4. Obtaining fresh whole mouse splenocytes

  1. In the Petri dish, carefully cut the spleen into small pieces using scissors or a razor.
  2. Place a 100 µM cell strainer over a 50 mL conical tube and transfer the excised spleen into the cell strainer with a pipette. Mash the spleen through the strainer with a syringe plunger.
  3. Wash the cells through the strainer with 10 mL of complete media. Centrifuge the cells at 300 x g for 10 min at 4 °C, then discard the supernatant.
  4. Resuspend the cell pellet in 2 mL of cold 1x RBC lysis buffer. Incubate the suspension for 5 min on ice.
  5. Wash the cell suspension with 10 mL of 4 °C complete media. Repeat the wash step three times and remove any cell clots between washes for spleens from Plasmodium-infected mice.
  6. Centrifuge the cells at 400 x g for 5 min at 4 °C, then discard the supernatant.
    NOTE: Plasmodium-infected spleens are enlarged and filled with phagocytic cells containing degraded hemoglobin and hemozoin.
  7. To avoid any issues during the magnetic bead isolation of effector cells, use the following steps to remove hemozoin-enriched phagocytic cells and hemozoin. Resuspend the splenic cells with MACS buffer and adjust concentration to 1 x 108 cells/mL. Place an LS or LD column in the magnetic field. Prepare the column by rinsing with 3 mL of MACS buffer.
  8. Apply cell suspension onto the column. Wash the column three times with 3 mL of MACS buffer. Collect flow-through containing the splenic cells.
  9. Count the splenocytes in a trypan blue solution and check cell viability in a hemacytometer (Neubauer chamber) or automated cell counter. Adjust cell concentration to 1 x 107 cells/mL in RT complete media.

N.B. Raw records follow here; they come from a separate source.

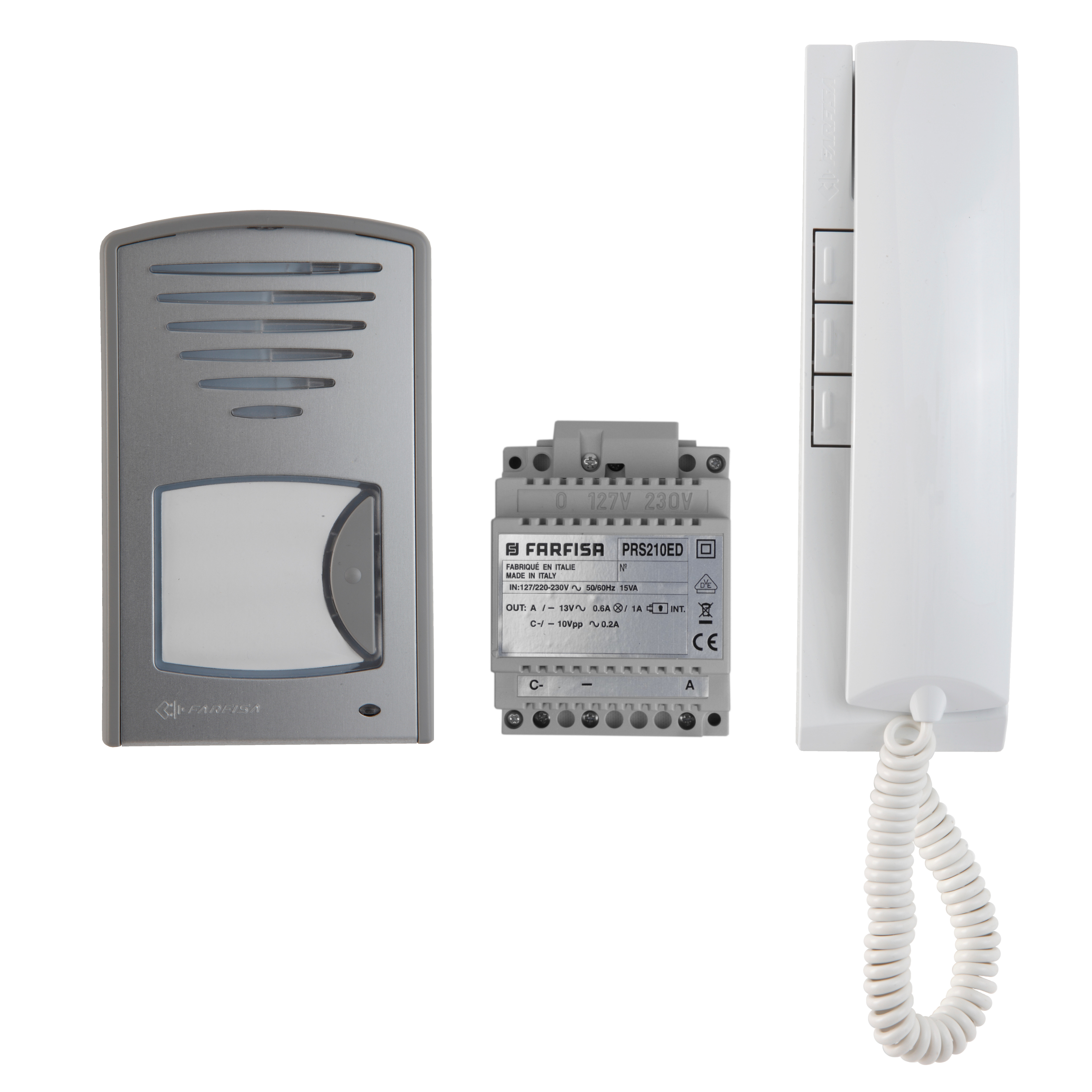 Audio kit one-way Click - KIT 1CKSD+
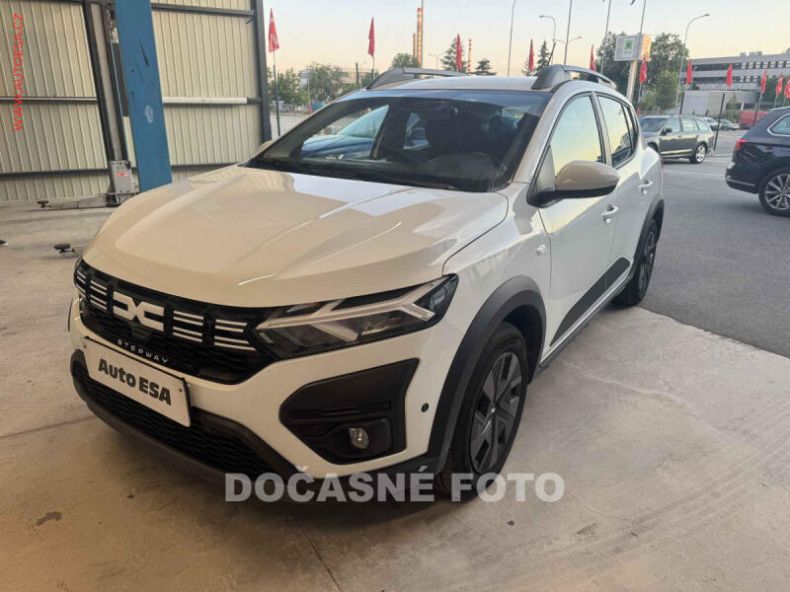 Dacia Sandero - hlavní foto
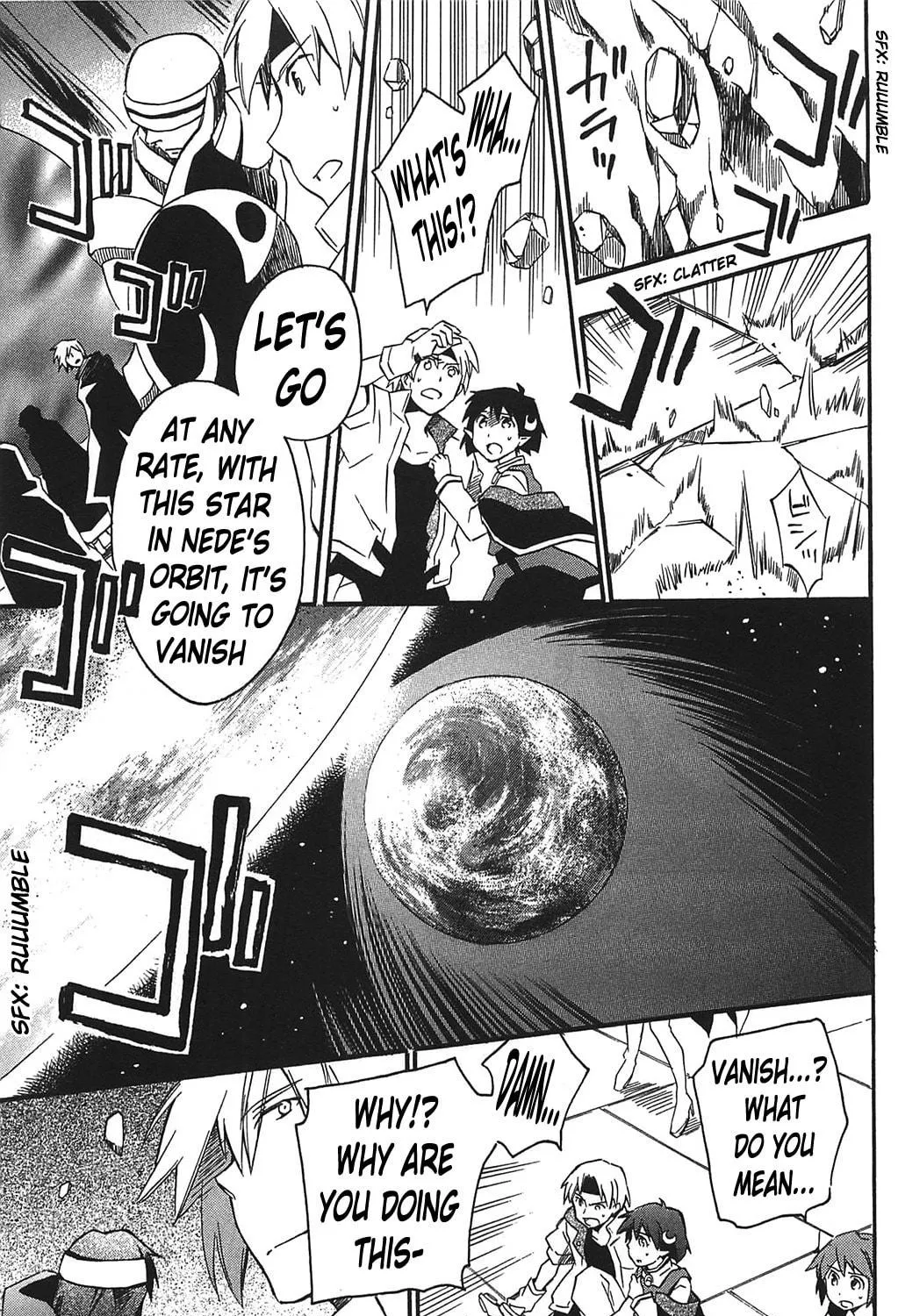 Read Star Ocean 2: Second Evolution chapter 12 image 17 on Lezhin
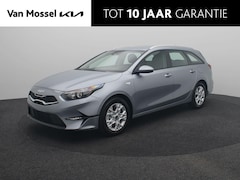 Kia Cee'd Sportswagon - Ceed 1.0 T-GDi ComfortLine | Navigatie | Climate Control | LM Velgen | Carplay | VOORRAAD
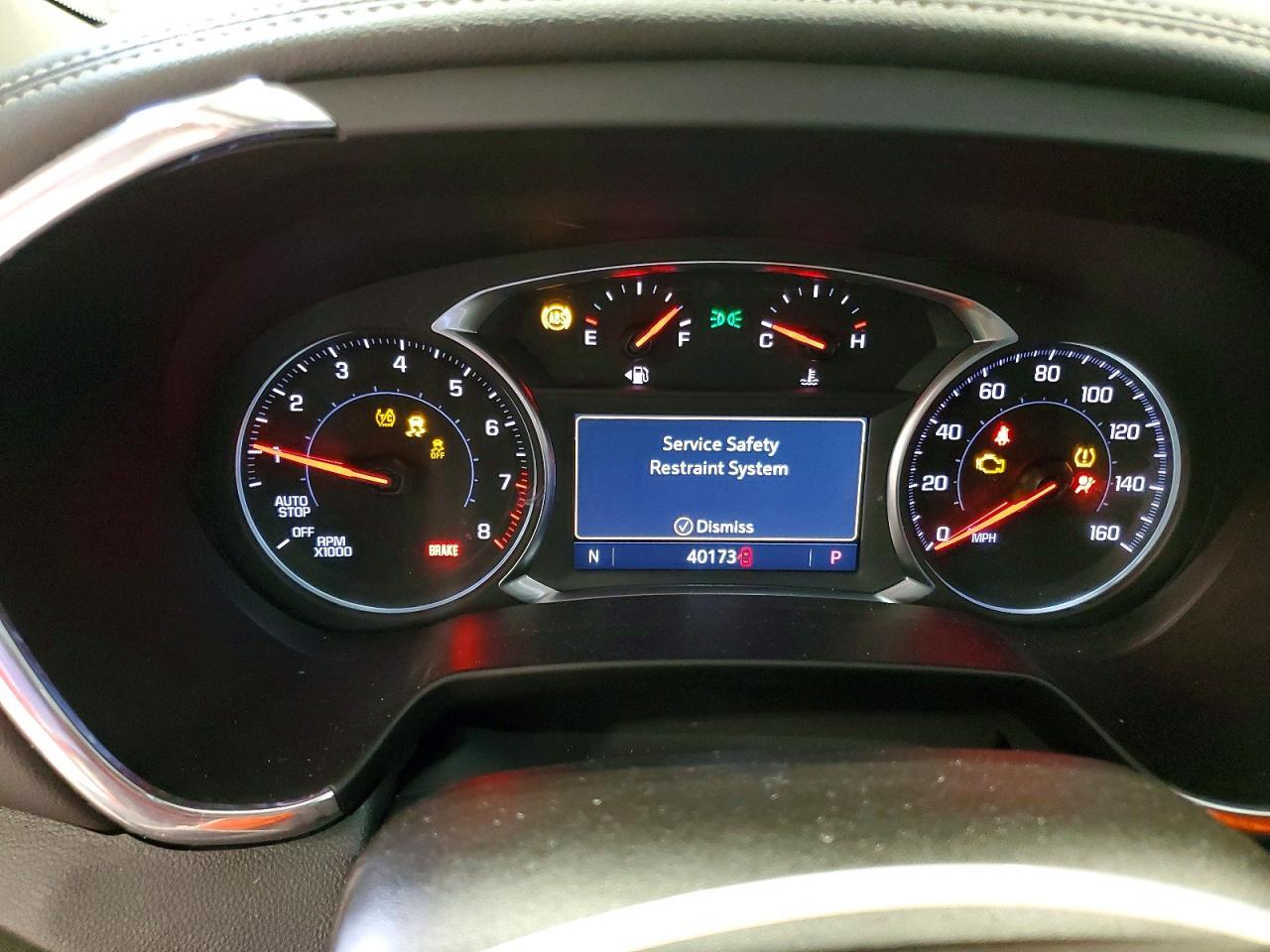 2023 Chevrolet Blazer 3Lt - zdjęcie 9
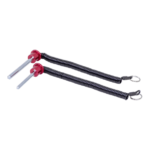 LMX59 és LMX60 Mágneses lapsúlysúly-rögzítő tüske spirálos pórázzal (8 - 10 mm)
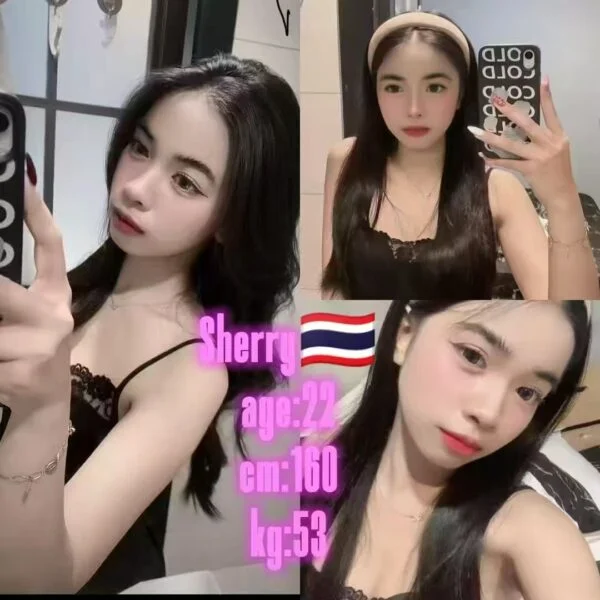 Sherry MY KL Escort
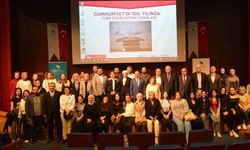 Türk edebiyatının çınarları panelde buluştu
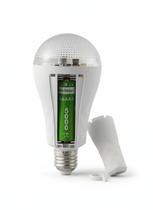 Lâmpada de Emergência LED premium forte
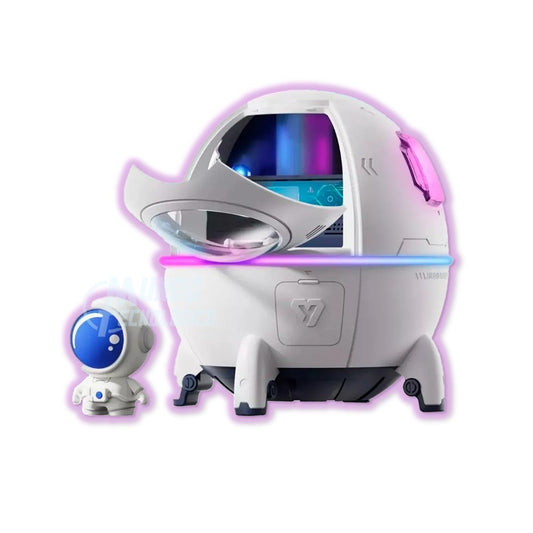 Humidificador Nave Astronauta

5. Cytotoxic effector cell purification (CD8a+ T cell negative selection)

NOTE: There are many positive and negative selection reagents that can purify cytotoxic effector cells (CD8+ T, γδ T, NK, iNKT, MAIT cells). In this protocol, we use a negative selection of splenic CD8a+ T cells and follow manufacturer instructions.

  1. Centrifuge all splenocytes at 400 x g for 10 min at 4 °C and discard the supernatant. Resuspend the cell pellet in 40 µL of MACS buffer.
  2. Add 10 µL of a biotin-antibody cocktail. Mix well and incubate for 5 min on ice.
  3. Add 30 µL of MACS buffer. Add 20 µL of anti-biotin micro-beads. Mix well and incubate for 10 min on ice.
  4. Add 400 µL of MACS buffer and proceed to magnetic cell separation. Place the MACS LS column in the magnetic field support. Prepare the column by rinsing with 3 mL of MACS buffer.
  5. Apply cell suspension onto the column. Wash the column three times with 3 mL of MACS buffer. Collect the flow-through containing all unlabeled cells, which are the enriched CD8a+ T cells.
  6. Count the CD8a+ T cells in a trypan blue solution and check cell viability in a hemacytometer (Neubauer chamber) or automated cell counter. Adjust the cell concentration to 1 x 107 cells/mL in RT complete media.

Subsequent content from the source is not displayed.